_Exercise aim:_ Everything in the data must be repeated exactly, apart from the pictures, which are left out.

_Supplied material:_
════════════════════

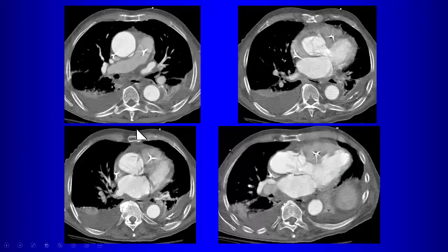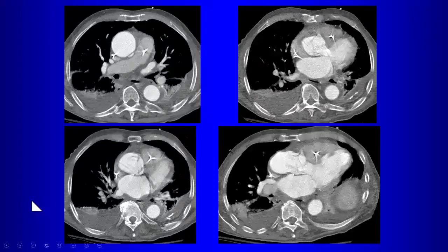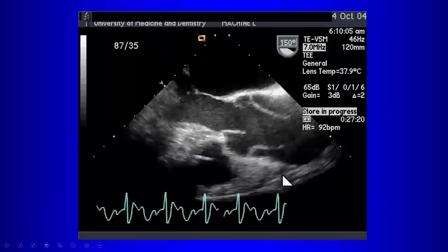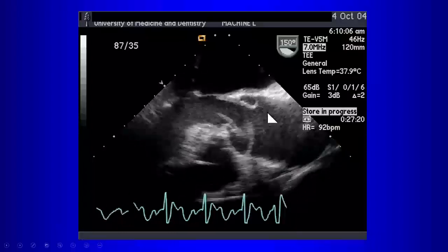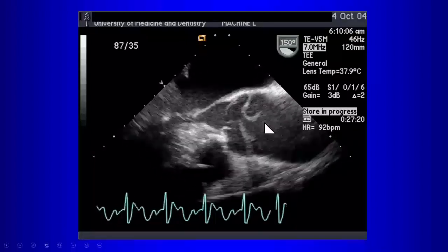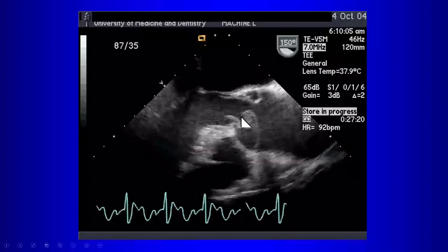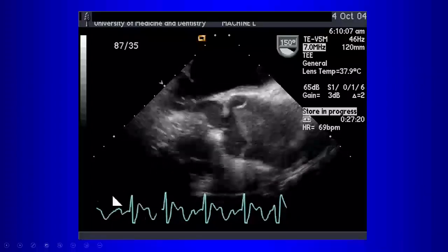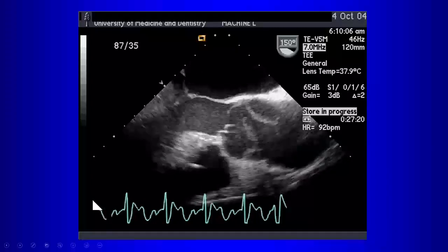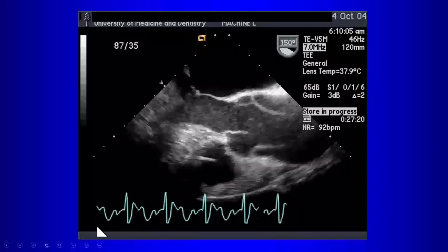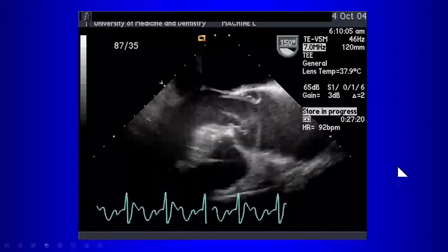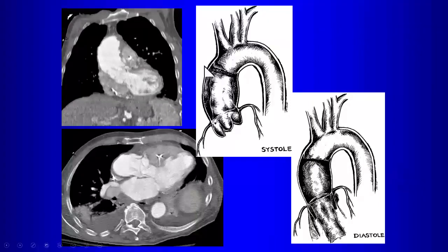Another unusual appearance: in this dissection of the ascending aorta, the patient had aortic valvular regurgitation. During diastole, the dissection flap is pushed down into the aortic valve, preventing it from closing and resulting in regurgitation. So the flap during systole is pushed forward, and during diastole it is pushed backward into the aortic valve.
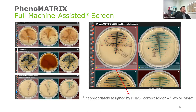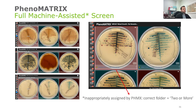I say machine-assisted screening because I want to highlight that it's not perfect. It is based on a machine learning algorithm, and there are limitations within the software. Here's an example of one plate that was put into the mixed growth folder, which should have been assigned to the two-or-more folder. I want to reassure everybody that there are MLTs screening all of the Phenomatrix results to make sure they've been grouped into the proper folder before the workflow is assigned and results are finalized.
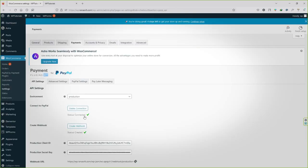All right, so PayPal payment gateway has been connected successfully. Now you are ready to receive real payment from real customers. For more payment gateway tutorials, don't forget to check out the video description and subscribe to the channel and like the video. Till then, I see you next time.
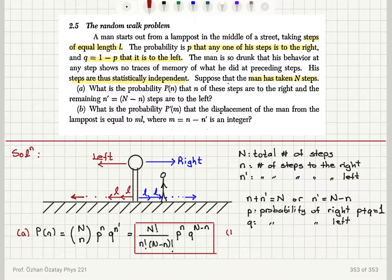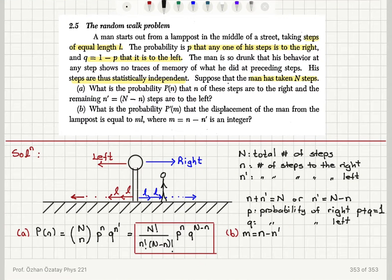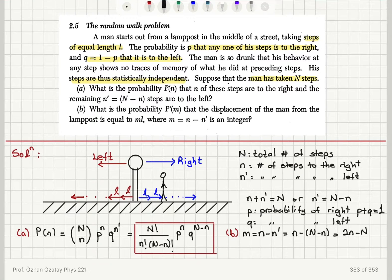For part B: what is the probability that the displacement of the man from the lamp post equals M times L? M is the difference between steps to the right and steps to the left: M equals N minus N prime, which equals N minus (capital N minus N), so M equals 2N minus capital N. The probability of having a value for M is the same as the probability of having a value for N, because M is just 2N minus a constant, capital N.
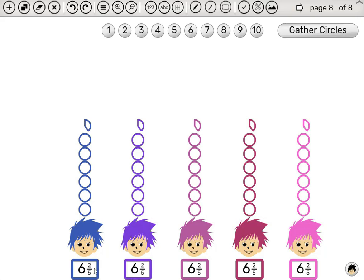And that's it! This is the Average app. It allows us to solve questions with two methods: by adding all of the circles together and dividing equally, or by moving circles from boy to boy. And so we hope the students will understand both methods and use each one according to what's more convenient for that question. Thanks for watching!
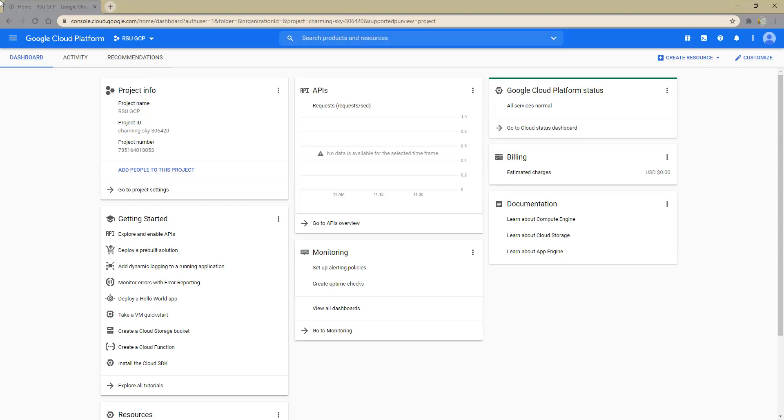Hello, this video will guide you through Google Cloud Platform's API setup requirements. To begin, we will navigate to the Getting Started widget and choose the first option, Explore and Enable APIs.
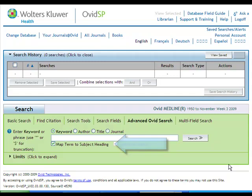In contrast to the basic search, with the advanced search you look for one concept at a time. The first step is breaking your topic into key concepts.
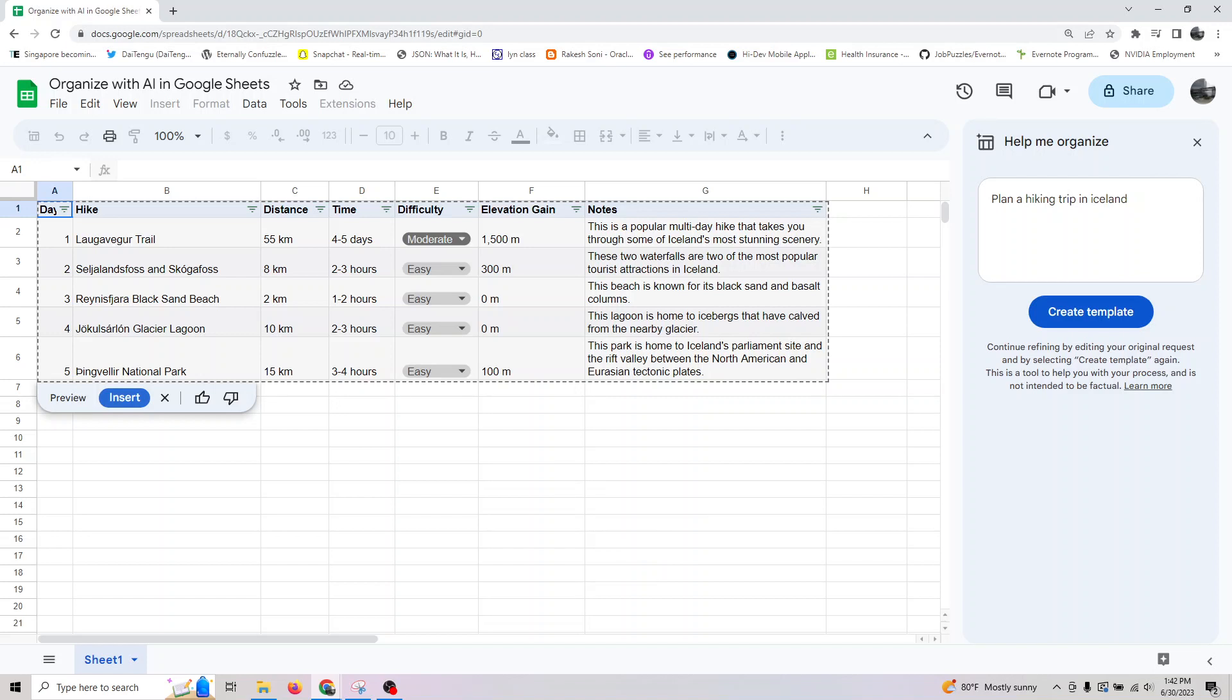One more thing I wanted to make sure: whenever you use this function, the data like prompts you enter, the generated table, and your feedback on the table is information collected by Google to better service your needs.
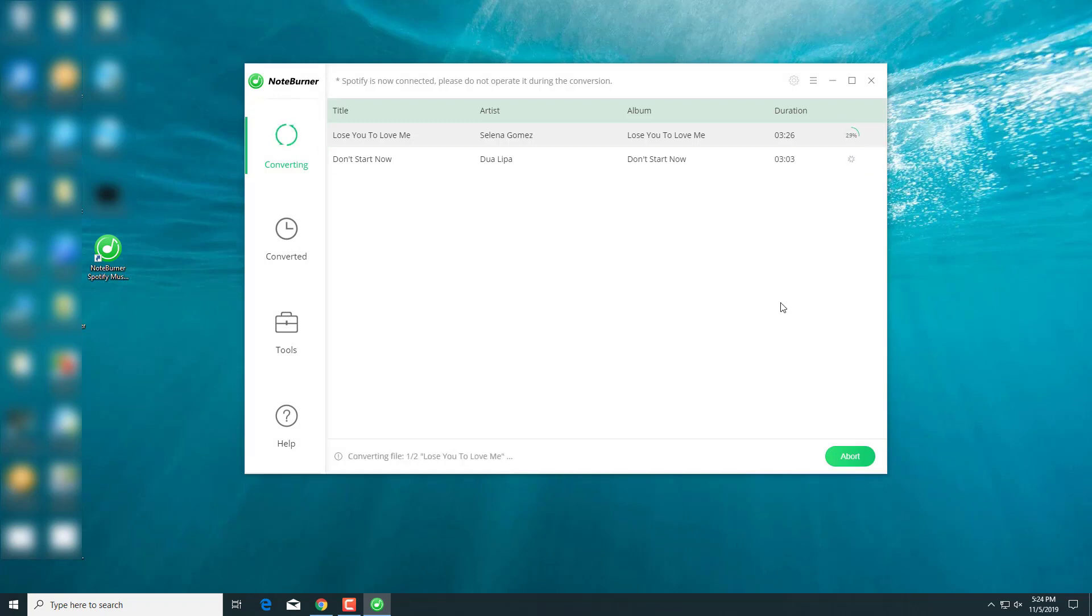As you can see, the progress showing on the right side. Just wait a minute.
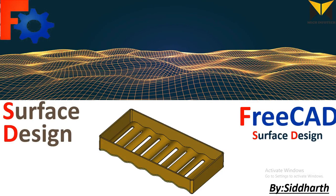Hello everyone, I am Siddharth. In this tutorial we learn surface design and I design a surface part with the help of these tools.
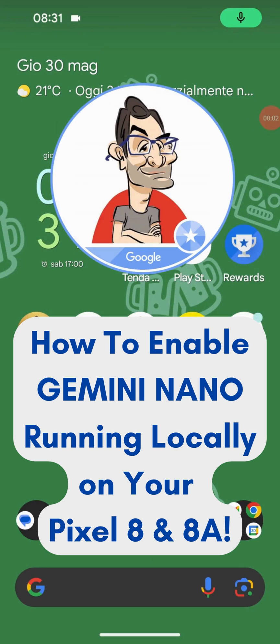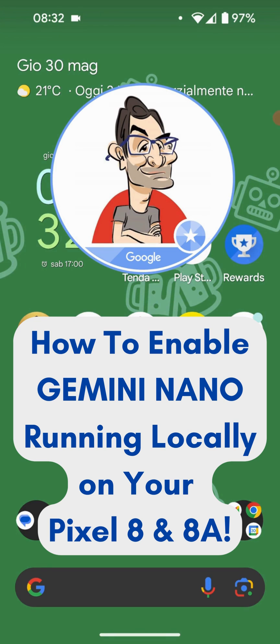Hello everyone guys. Super exciting news today. Gemini Nano running locally on your devices is about to arrive on Pixel 8 and Pixel 8a.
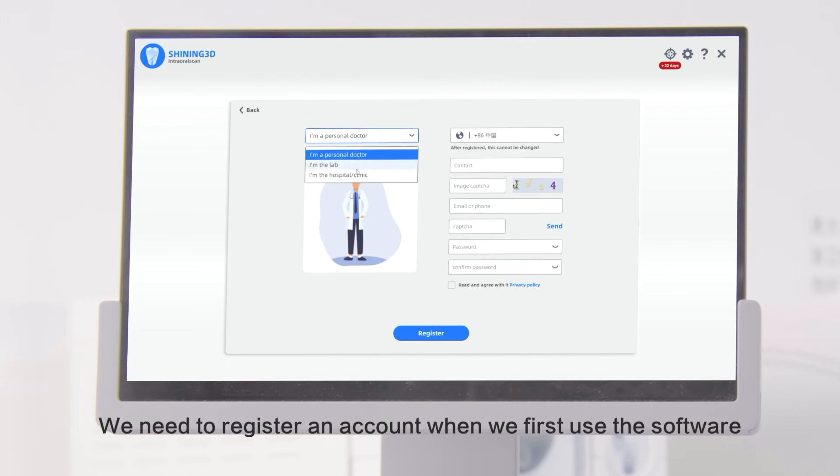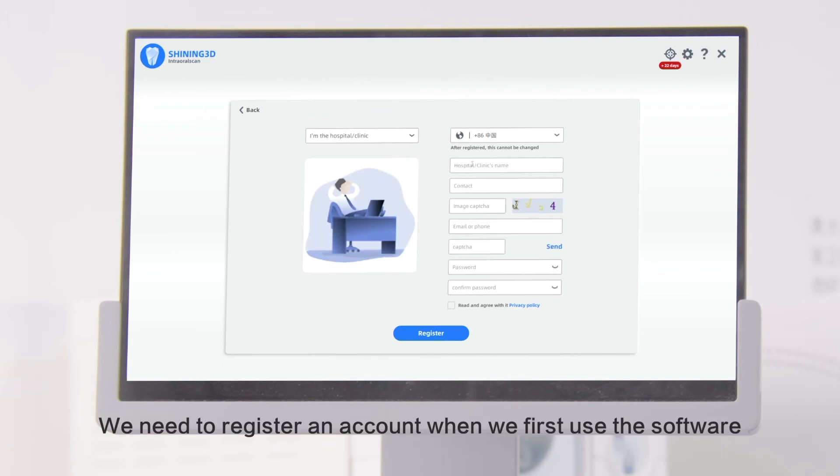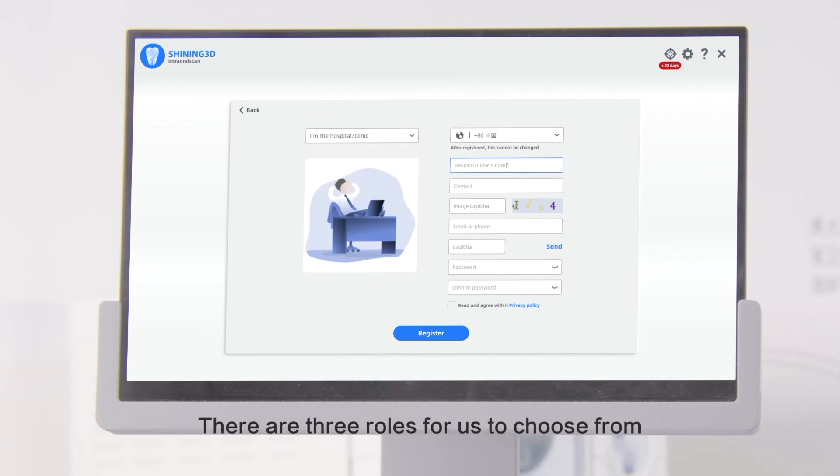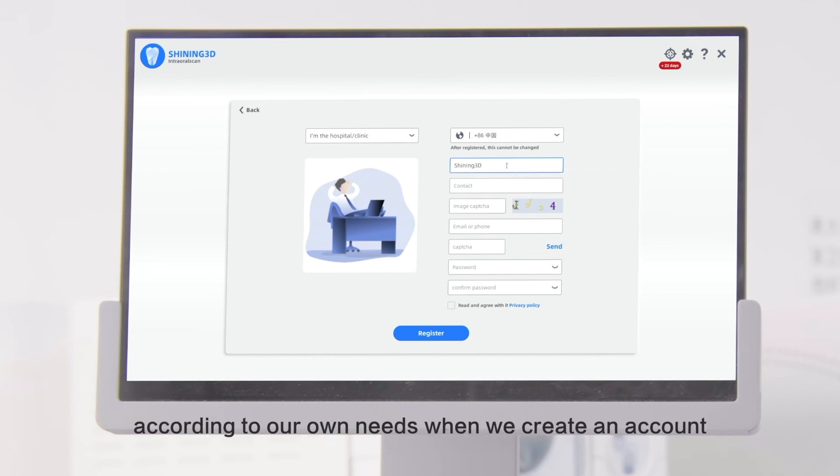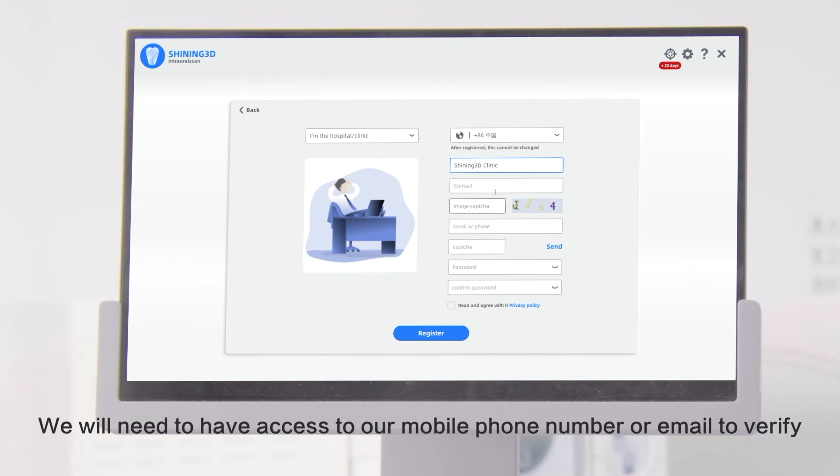We need to register an account when we first use the software. There are three roles to choose from according to our own needs when we create an account. We will need to have access to our mobile phone number or email to verify.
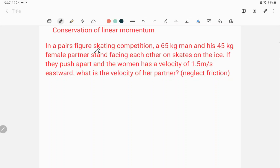In a pair figure skating competition, a 65 kg man and his 45 kg female partner stand facing each other on skates on the ice. If they push apart and the woman has a velocity of 1.5 meters per second eastward, what is the velocity of her partner? Let's make a real picture of this situation.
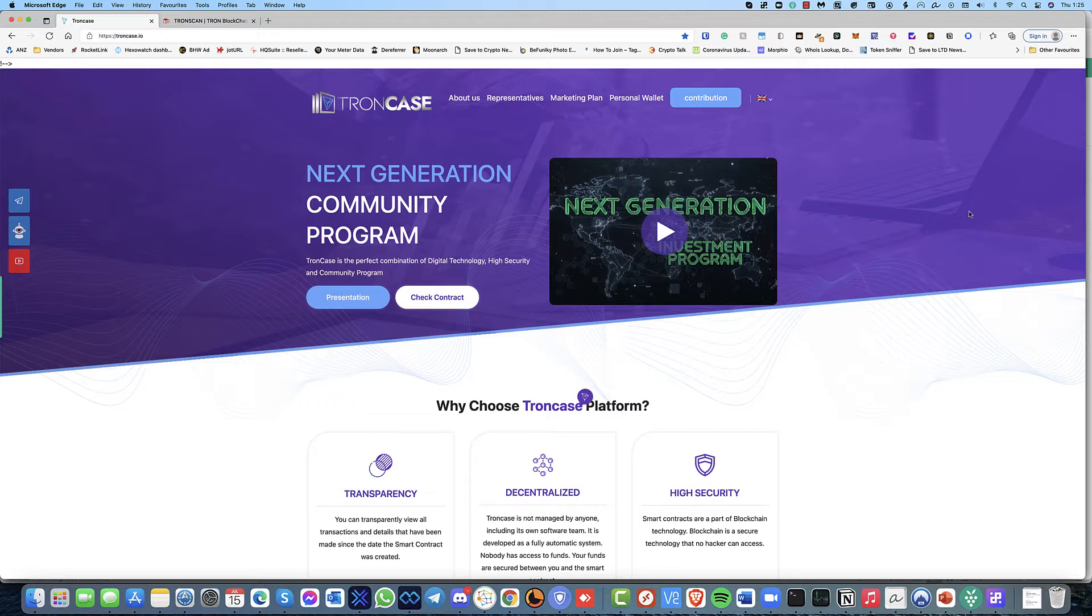They've actually run out of money. They're not paying out anymore. So please do not invest into this platform anymore. I think they had a pretty long run.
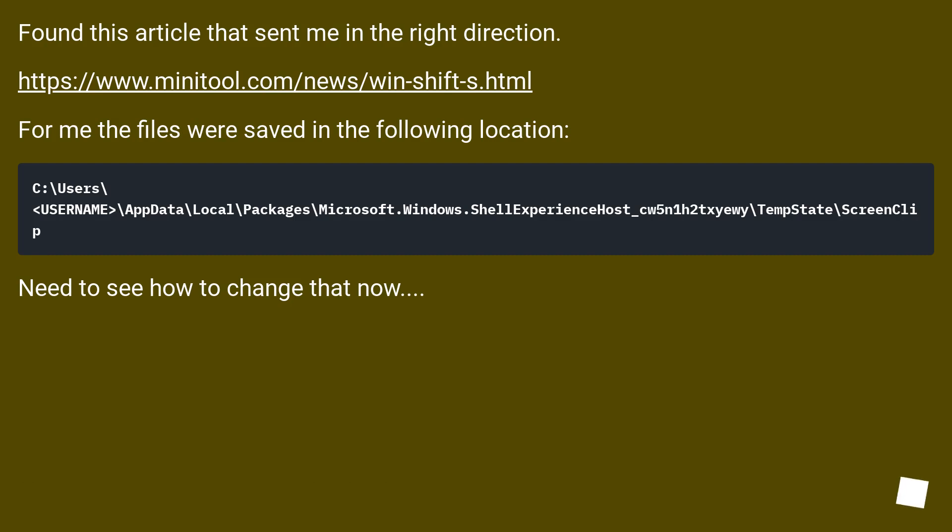Found this article that sent me in the right direction. This URL. For me the files were saved in the following location. Need to see how to change that now.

════════════════════

_Solution to this task:_
Another unusual appearance: in this dissection of the ascending aorta, the patient had aortic valvular regurgitation. During diastole, the dissection flap is pushed down into the aortic valve, preventing it from closing and resulting in regurgitation. So the flap during systole is pushed forward, and during diastole it is pushed backward into the aortic valve.
I say machine-assisted screening because I want to highlight that it's not perfect. It is based on a machine learning algorithm, and there are limitations within the software. Here's an example of one plate that was put into the mixed growth folder, which should have been assigned to the two-or-more folder. I want to reassure everybody that there are MLTs screening all of the Phenomatrix results to make sure they've been grouped into the proper folder before the workflow is assigned and results are finalized.
All right, so PayPal payment gateway has been connected successfully. Now you are ready to receive real payment from real customers. For more payment gateway tutorials, don't forget to check out the video description and subscribe to the channel and like the video. Till then, I see you next time.
For part B: what is the probability that the displacement of the man from the lamp post equals M times L? M is the difference between steps to the right and steps to the left: M equals N minus N prime, which equals N minus (capital N minus N), so M equals 2N minus capital N. The probability of having a value for M is the same as the probability of having a value for N, because M is just 2N minus a constant, capital N.
And that's it! This is the Average app. It allows us to solve questions with two methods: by adding all of the circles together and dividing equally, or by moving circles from boy to boy. And so we hope the students will understand both methods and use each one according to what's more convenient for that question. Thanks for watching!
Hello, this video will guide you through Google Cloud Platform's API setup requirements. To begin, we will navigate to the Getting Started widget and choose the first option, Explore and Enable APIs.
In contrast to the basic search, with the advanced search you look for one concept at a time. The first step is breaking your topic into key concepts.
One more thing I wanted to make sure: whenever you use this function, the data like prompts you enter, the generated table, and your feedback on the table is information collected by Google to better service your needs.
As you can see, the progress showing on the right side. Just wait a minute.
Hello everyone, I am Siddharth. In this tutorial we learn surface design and I design a surface part with the help of these tools.
Hello everyone guys. Super exciting news today. Gemini Nano running locally on your devices is about to arrive on Pixel 8 and Pixel 8a.
We need to register an account when we first use the software. There are three roles to choose from according to our own needs when we create an account. We will need to have access to our mobile phone number or email to verify.
In a pair figure skating competition, a 65 kg man and his 45 kg female partner stand facing each other on skates on the ice. If they push apart and the woman has a velocity of 1.5 meters per second eastward, what is the velocity of her partner? Let's make a real picture of this situation.
They've actually run out of money. They're not paying out anymore. So please do not invest into this platform anymore. I think they had a pretty long run.
Found this article that sent me in the right direction. This URL. For me the files were saved in the following location. Need to see how to change that now.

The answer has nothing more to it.